At this year’s Conservative Political Action Conference (CPAC) on March 2, President Donald Trump cited a study by anti-immigrant hate group Federation for American Immigration Reform (FAIR) claiming that “illegal aliens are incarcerated at three times the rate of legal residents.”

The CATO Institute, a libertarian think tank, disproved this repeated claim by the anti-immigrant movement through an analysis of criminal conviction data in Texas for 2015 provided by the Texas Department of Public Safety, the American Community Survey and the Center for Migration Studies. “Illegal immigrants, non-citizens, and legal immigrants are less likely to be incarcerated, convicted, or arrested for crimes than native-born Americans are,” the study concluded.

The myth of the criminal immigrant has been a trope in the anti-immigrant movement for decades.
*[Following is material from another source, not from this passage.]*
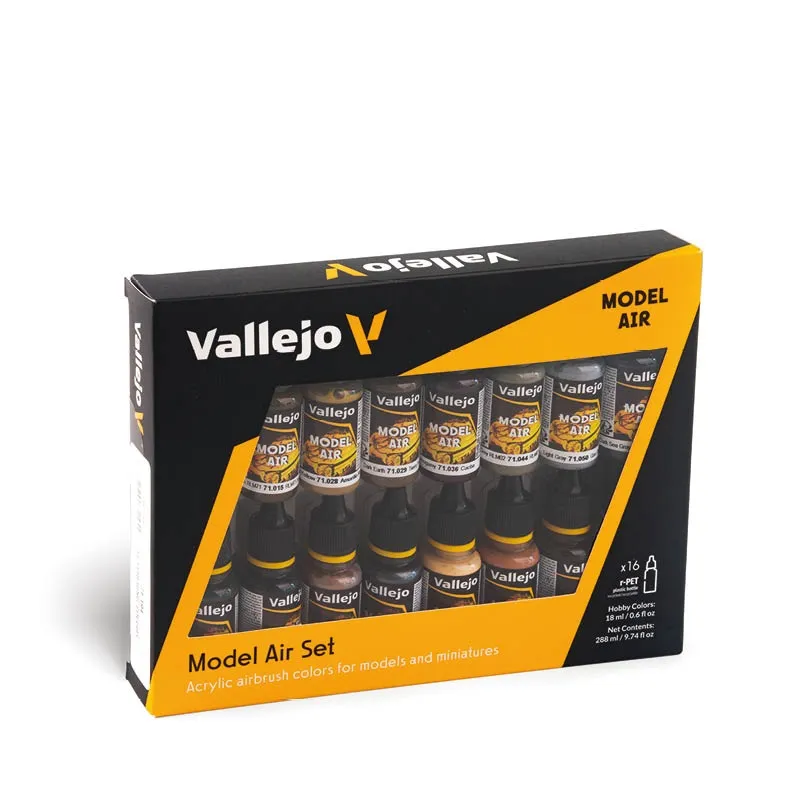 Model Air Set - Weathering Set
In 1994, anti-immigrant extremists Wayne Lutton and John Tanton co-authored The Immigration Invasion. The book was published by The Social Contract Press (TSCP), the white nationalist publishing house founded by Tanton and run by Lutton.

Tanton, the racist architect of the anti-immigrant movement, wrote alongside Lutton, “Among illegal aliens, the incarceration rate is three times the U.S. average” (Lutton and Tanton, 1994, p. 61). This is an almost identical claim to Trump’s, written 25 years earlier.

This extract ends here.